If the critical link between radio frequency spectrum availability and the future of the Internet isn’t apparent to you, take a look at what’s happening in Congress. Your representatives have introduced, or are circulating drafts, of nearly a dozen major bills that would have the effect of “re-purposing” radio spectrum.    Mobile broadband users, public safety, and possibly SmartGrid networks could be the beneficiaries of a massive transition of 20th century spectrum uses to 21st century ones.

While most of these bills are not likely to pass this year, they do lay down a marker for when a new Congress convenes in January. 

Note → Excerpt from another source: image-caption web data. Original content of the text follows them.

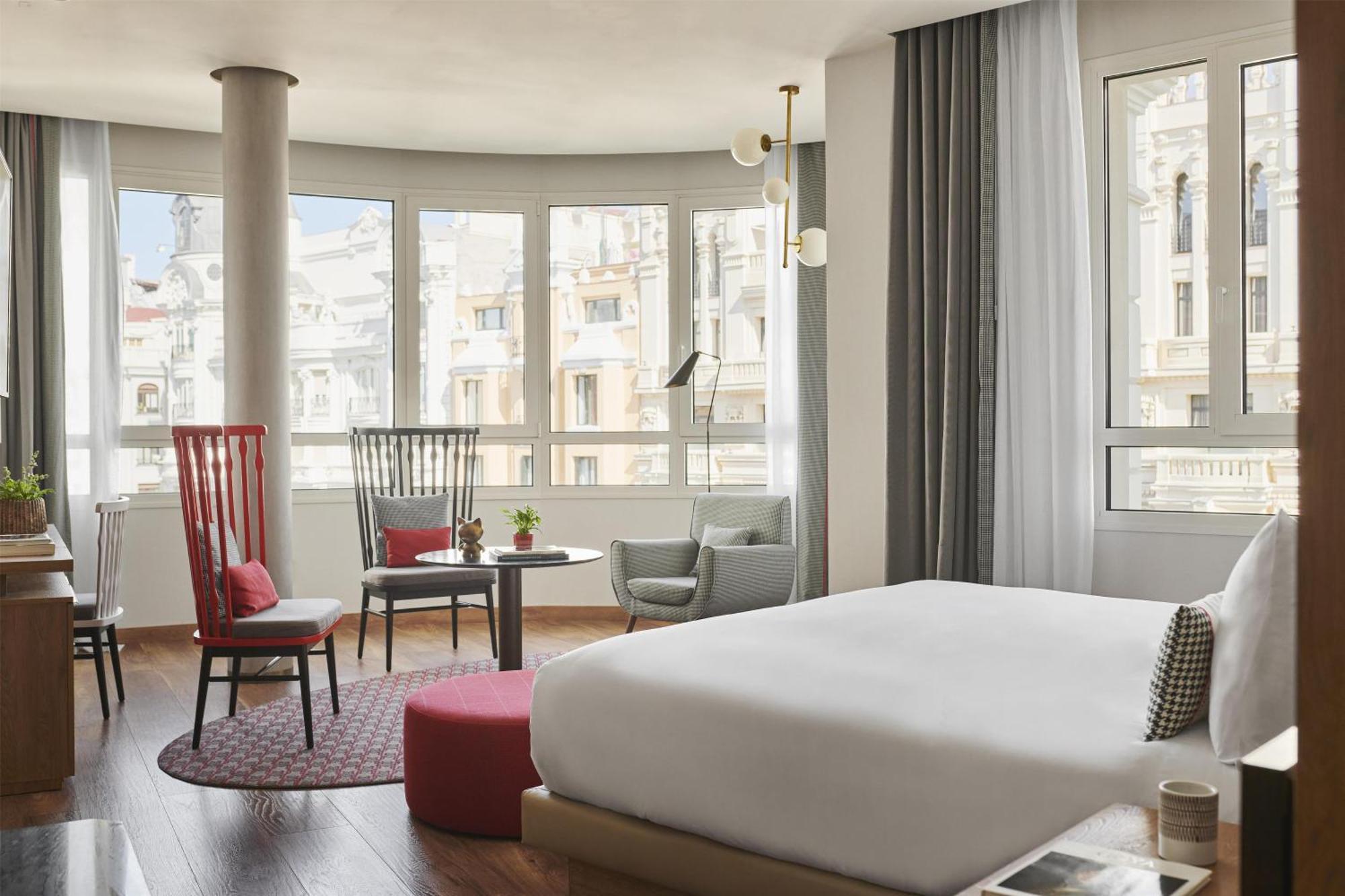 Junior Suite Gran Via View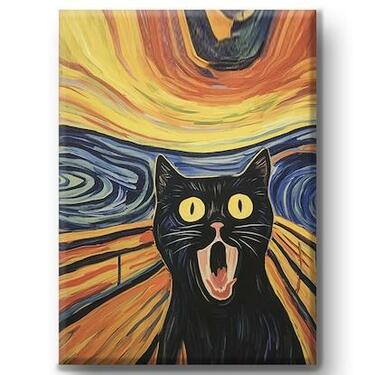 買うなら今！ニトリの「にゃんこ名画」は猫好き必見のかわいさです！猫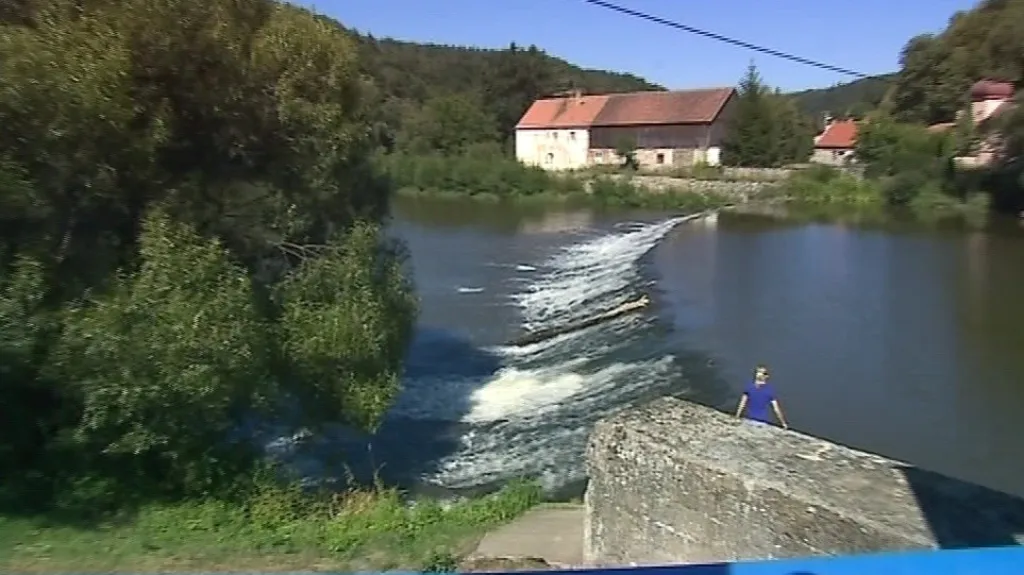 Do dvou let by měla být voda v Dyji čistší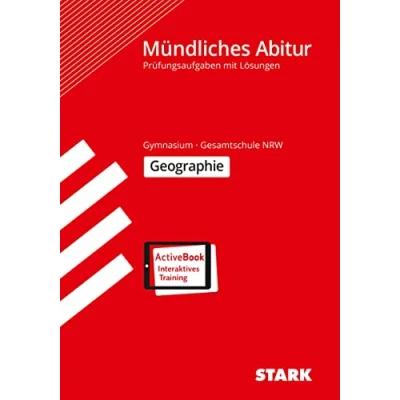 Abbildung von STARK Mündliche Abiturprüfung NRW Geographie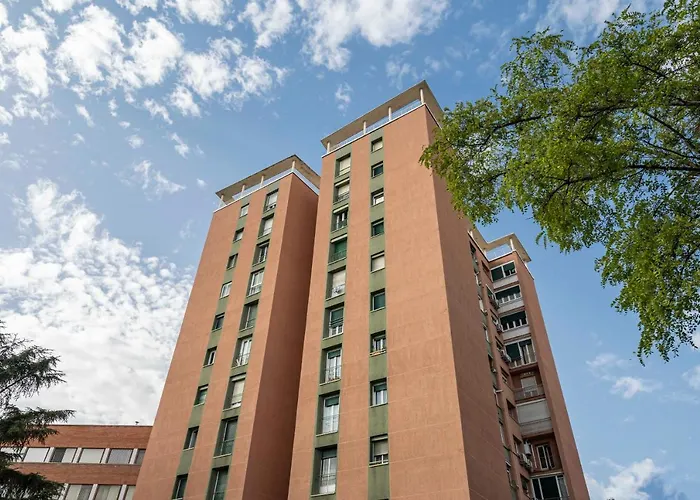 Modern And Bright Apartment Plaza Eliptica -Magin
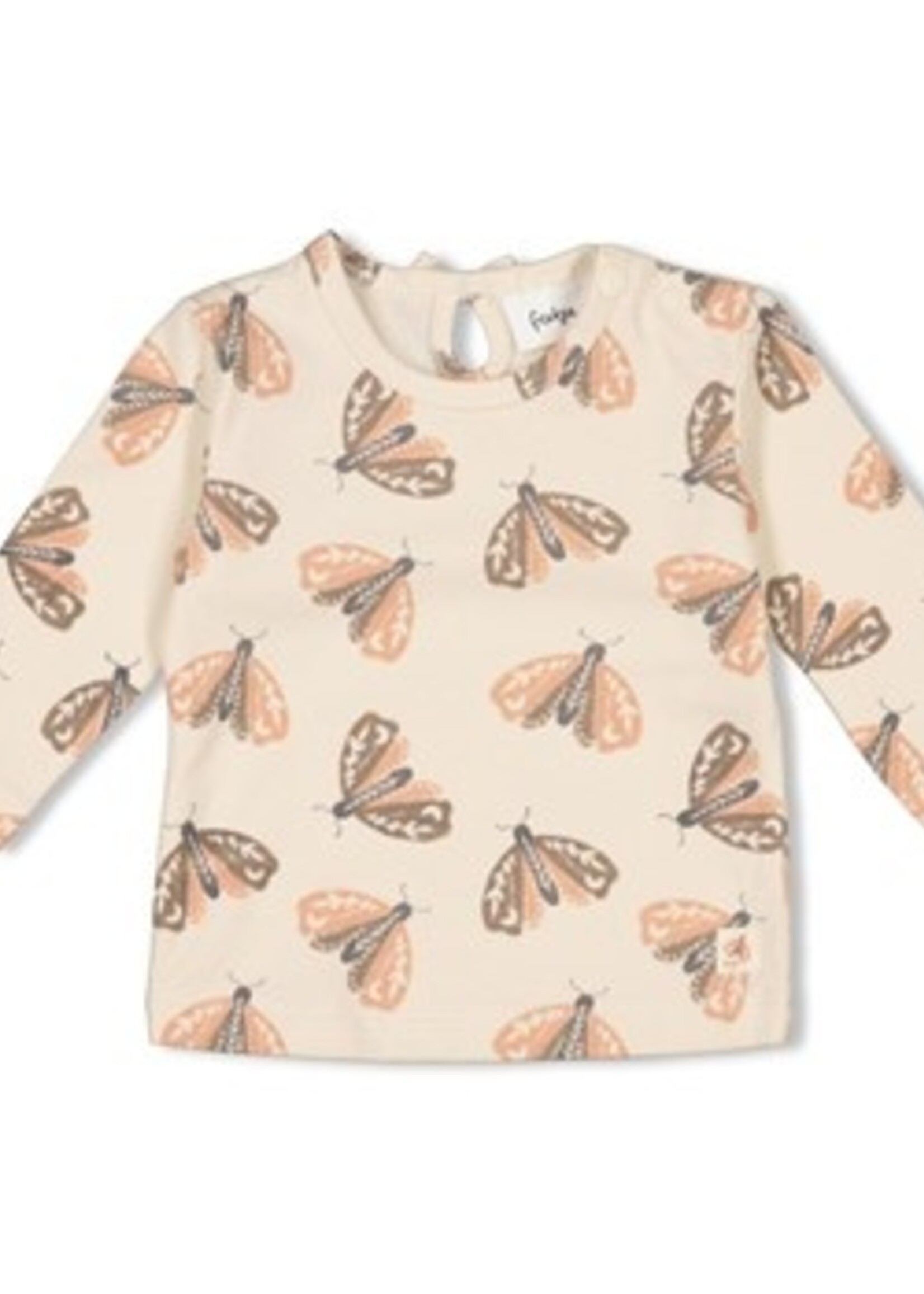 Feetje Feetje W25 - Dancing in the Moonlight - Longsleeve aop - Offwhite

Today, the leadership of the House Subcommittee on Communications, Technology and the Internet, Representatives Rick Boucher (D-VA) and Cliff Stearns ( R-FL ), joined forces to introduce a bill that would do one very important thing – give the FCC the authority to conduct a so-called “incentive auction.”  In the Senate, Senators Olympia Snowe(R-ME) and John Kerry (D-MA) introduced a broader bill that includes a similar provision.  What’s with incentive auctions?

Simply put, incentive auctions are a tremendous tool to help the FCC transition commercial spectrum from 20th century  uses to 21st century ones, and to do so on a basis that is entirely voluntary to the existing licensee.

Let’s say you run a broadcast TV station, and in your market you are six out of six stations according to the ratings agency.   There’s some likelihood that it has become a difficult task to sell advertising to support your operations.  Your options are to continue to try to coax your business along, find someone willing to buy it, or turn your license in and close down.  Not very appealing, right? An incentive auction would allow the FCC to say “the spectrum you are using is valuable and could be put to work on a new mobile broadband network. It’s your choice, but if you volunteer to auction it, you will receive a portion of the auction proceeds.”  Congressional  action is needed to authorize this because broadcast licenses were given out for free.

The end result  — win-win!  Taxpayers win because spectrum that would not otherwise be monetized can now find its way voluntarily to auction, and auction proceeds can help address federal budgetary needs.  The licensee gets a graceful exit recognizing their contribution of the spectrum asset to the process. Mobile broadband users, including consumers, public safety, businesses, and many others, win because there is now more spectrum to support the exploding use of smartphones, and all the video applications that will be running over them. 

It is important also that the new incentive auction tool that Congress has proposed to give to the FCC not be limited to specific commercial spectrum.  Incentive auctions have broad applicability, and Congressional leaders should be congratulated for recognizing how important they can be.